To unite in respecting Dance’s diversity:
Dance is vital in healthy societies, helping people to communicate and affirm individual and collective identity. Dance Parade is a multi-cultural, multi-generational expression of the joy and value of these various forms of expression. It will foster cross-pollination of dance forms as it introduces audiences to novel styles and beats: teenagers to tango, clubbers to square-dancing, and seniors to hip-hop.
To support grass-roots organizations:
As an umbrella organization, Dance Parade empowers and supports dance communities that do not have access to public funding yet have a communicative art form they wish to practice and promote. We help them build websites, get access to materials, fundraise, and reach broader audiences.
To legitimize Dance as a communicative, social form of expression:
In the 19th century, ballroom dancing was deemed devil’s work. In the 1920’s, New York City enacted the Cabaret Law to stem interracial dancing from Harlem Jazz Clubs. The 1930’s had Nazi Germany quashing Swing Dancing because it was considered anarchistic. And in 2006, a New York State Supreme Court ruled that, unlike music, theater and painting, dance is not a constitutionally protected form of expression. In contrast, Dance Parade will highlight the diversity found in its many forms and showcase dance’s immense cultural and communicative importance.

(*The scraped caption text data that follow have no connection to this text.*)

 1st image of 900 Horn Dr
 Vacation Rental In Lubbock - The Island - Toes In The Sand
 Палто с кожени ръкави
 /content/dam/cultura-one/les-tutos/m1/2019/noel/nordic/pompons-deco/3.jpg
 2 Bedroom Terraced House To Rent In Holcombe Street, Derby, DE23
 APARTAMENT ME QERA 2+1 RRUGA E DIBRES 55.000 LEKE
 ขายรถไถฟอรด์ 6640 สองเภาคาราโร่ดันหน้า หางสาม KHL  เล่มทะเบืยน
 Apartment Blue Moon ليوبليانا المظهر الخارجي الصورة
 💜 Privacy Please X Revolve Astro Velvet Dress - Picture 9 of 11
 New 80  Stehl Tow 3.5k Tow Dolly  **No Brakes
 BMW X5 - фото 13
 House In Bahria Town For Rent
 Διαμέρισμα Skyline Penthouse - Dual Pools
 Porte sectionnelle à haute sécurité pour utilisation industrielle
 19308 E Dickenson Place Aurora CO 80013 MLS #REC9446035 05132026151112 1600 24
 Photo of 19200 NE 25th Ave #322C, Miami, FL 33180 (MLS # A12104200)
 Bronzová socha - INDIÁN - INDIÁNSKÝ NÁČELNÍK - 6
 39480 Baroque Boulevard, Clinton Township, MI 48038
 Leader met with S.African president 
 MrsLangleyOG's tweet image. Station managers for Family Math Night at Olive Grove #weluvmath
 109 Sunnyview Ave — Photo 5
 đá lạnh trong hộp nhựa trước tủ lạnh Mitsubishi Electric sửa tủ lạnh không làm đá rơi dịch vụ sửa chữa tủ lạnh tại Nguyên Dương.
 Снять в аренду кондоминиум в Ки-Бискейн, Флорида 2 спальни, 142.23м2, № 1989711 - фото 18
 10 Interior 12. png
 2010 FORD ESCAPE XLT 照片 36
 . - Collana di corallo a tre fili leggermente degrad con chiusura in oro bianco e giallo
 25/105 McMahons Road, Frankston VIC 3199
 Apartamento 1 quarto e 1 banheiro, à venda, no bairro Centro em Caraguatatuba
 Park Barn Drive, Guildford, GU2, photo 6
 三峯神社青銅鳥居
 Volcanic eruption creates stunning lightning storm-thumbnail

To invoke joy and brotherhood:
New York’s annual dance parade will reinstate New York City as the dance performance and nightlife capital of the world. We quote Dr. Motte, the founder of Berlin’s Love parade: “Dance is spreading rapidly and is unstoppable around the world. It is about LOVE and it is about FREEDOM. This represents a much wider personal, social and spiritual transformation-revolution which will utterly change our world over the coming decades.